Nowadays you could spot his clients a mile off, thought Miranda, teetering on the edge of the curb as a chauffeur-driven limo pulled up inches from her toes. The snow had all but melted now, leaving only squelchy dregs, but the woman emerging from the back of the limousine was kitted out in enough fur to see her through a hike across the Antarctic. Gingerly, in her fur-lined boots, she picked her way through the slush.

Well, it was an awfully wide pavement. All of six feet from the car to the apricot-tinted-glass and brass doors of the salon.

And if you were going to pay a chauffeur to run you around town, it made sense to economize in other areas, Miranda acknowledged, recognizing the famous romance novelist as she removed her dark glasses. That must be why the stingy, face-lifted old hag had only tipped her thirty pence last week.

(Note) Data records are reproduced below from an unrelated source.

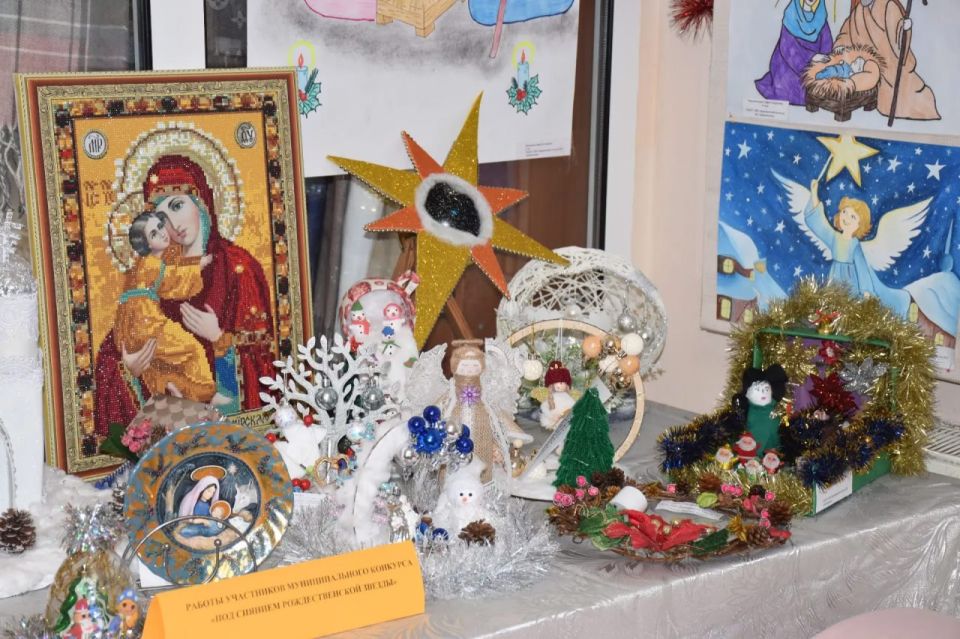 В Брянке определили победителей муниципального конкурса «Под сиянием Рождественской звезды», приуроченного к Великому православному празднику – Рождеству Христову В Брянке определили победителей муниципального конкурса «Под сиянием Рождественской звезды», приуроченного к Великому православному празднику – Рождеству Христову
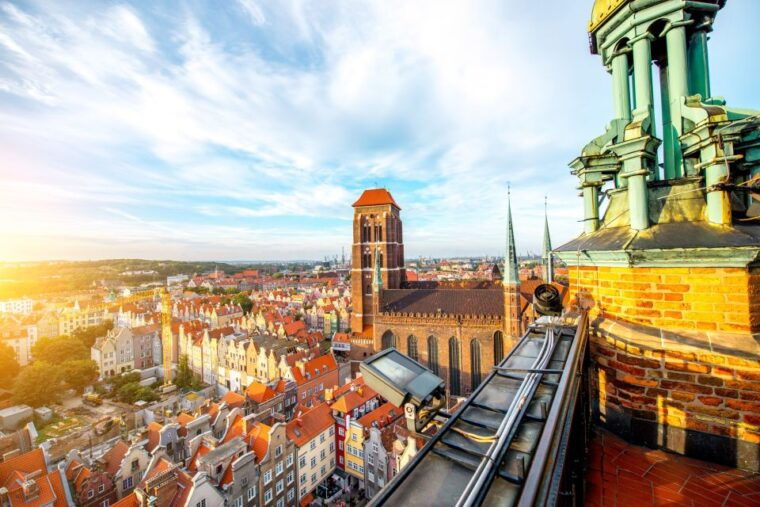 gdansk-1-day-of-highlights-private-guided-tour-and-transport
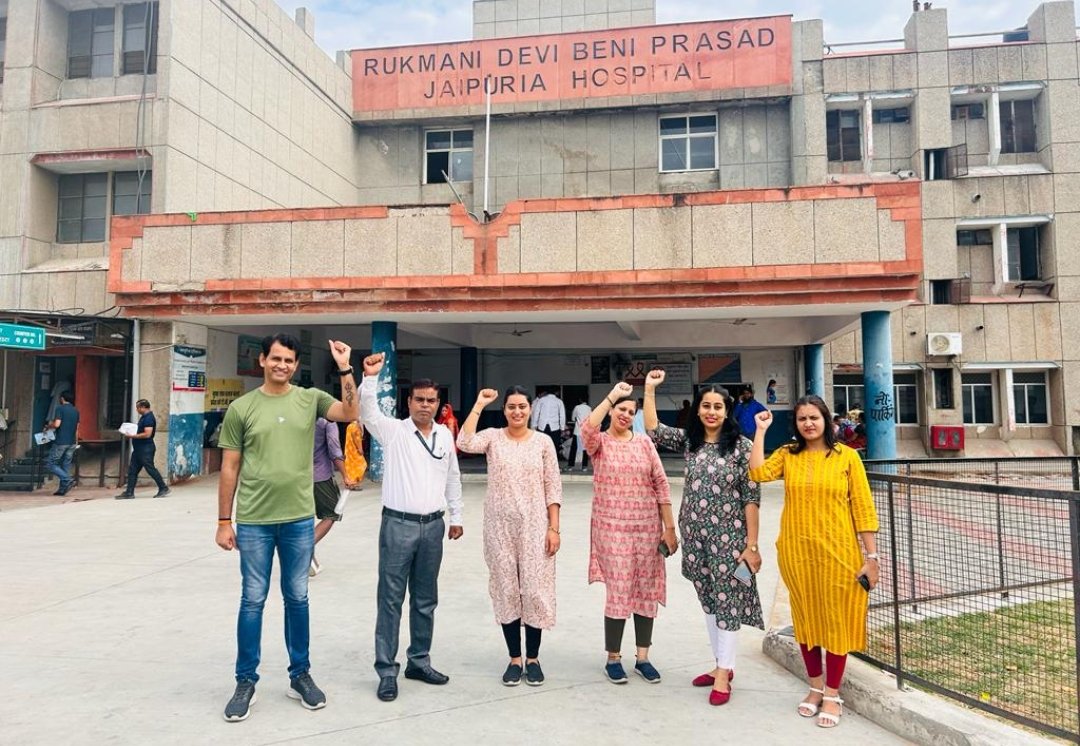 गहलोत सरकार सबके साथ न्याय करती आई है, फिर हम फार्मासिस्ट के साथ हमेशा अन्याय क्यो⚖️ ना ही भत्ते😢 ना ही वेतन विसंगति दूर हुई 😢 ना ही फार्मासिस्ट भर्ती पूरी हुई
#11वर्षो_की_लंबित_मांगे
#मांगते_मांगते_थक_गए 
<a href="/ashokgehlot51/">Ashok Gehlot</a> 
<a href="/_lokeshsharma/">Lokesh Sharma</a> 
<a href="/plmeenaINC/">Parsadi Lal Meena</a> 
<a href="/artizzzz/">Arti Dogra</a>
<a href="/AshokChandnaINC/">Ashok Chandna</a>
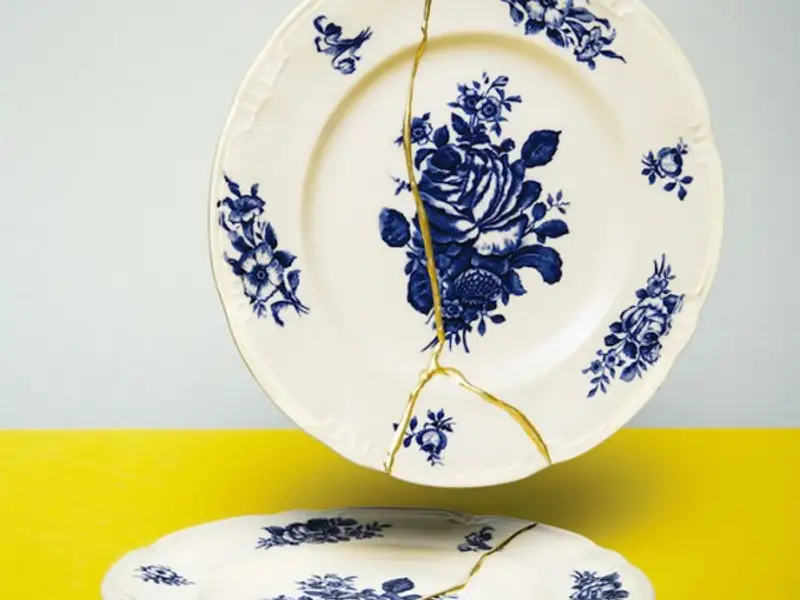 Kintsugi, arta japoneza de a repara obiecte din ceramica cu aur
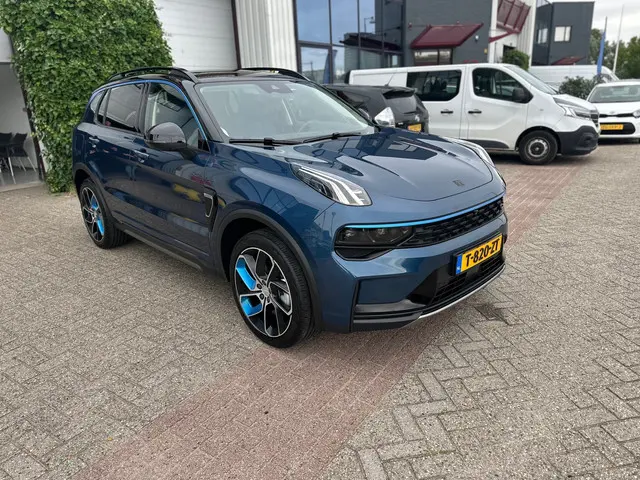 Lynk & Co 01 1.5 2024 Hybride Benzine 5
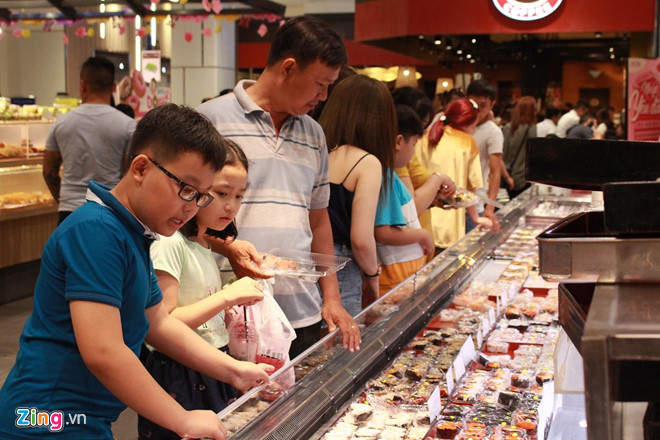 Sợ tắc đường, người Sài Gòn đổ vào trung tâm thương mại chơi Tết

The stamps and cigarettes weren't a problem, but the Grapefruit Zing herbal tea bags with extra ginseng took longer to track down. By the time she'd bought everything, Miranda was already fifteen minutes late.

He was there, sitting in his usual spot outside the shoe shop. Experiencing a horrid qualm of guilt, Miranda wondered if she could cross the road so he wouldn't catch sight of her, or simply rush past pretending she hadn't seen him.

Then again, perhaps she should just explain that she was in a tearing hurry and didn't have her purse on her right now, but if he hung around for another hour or so, she'd see him later.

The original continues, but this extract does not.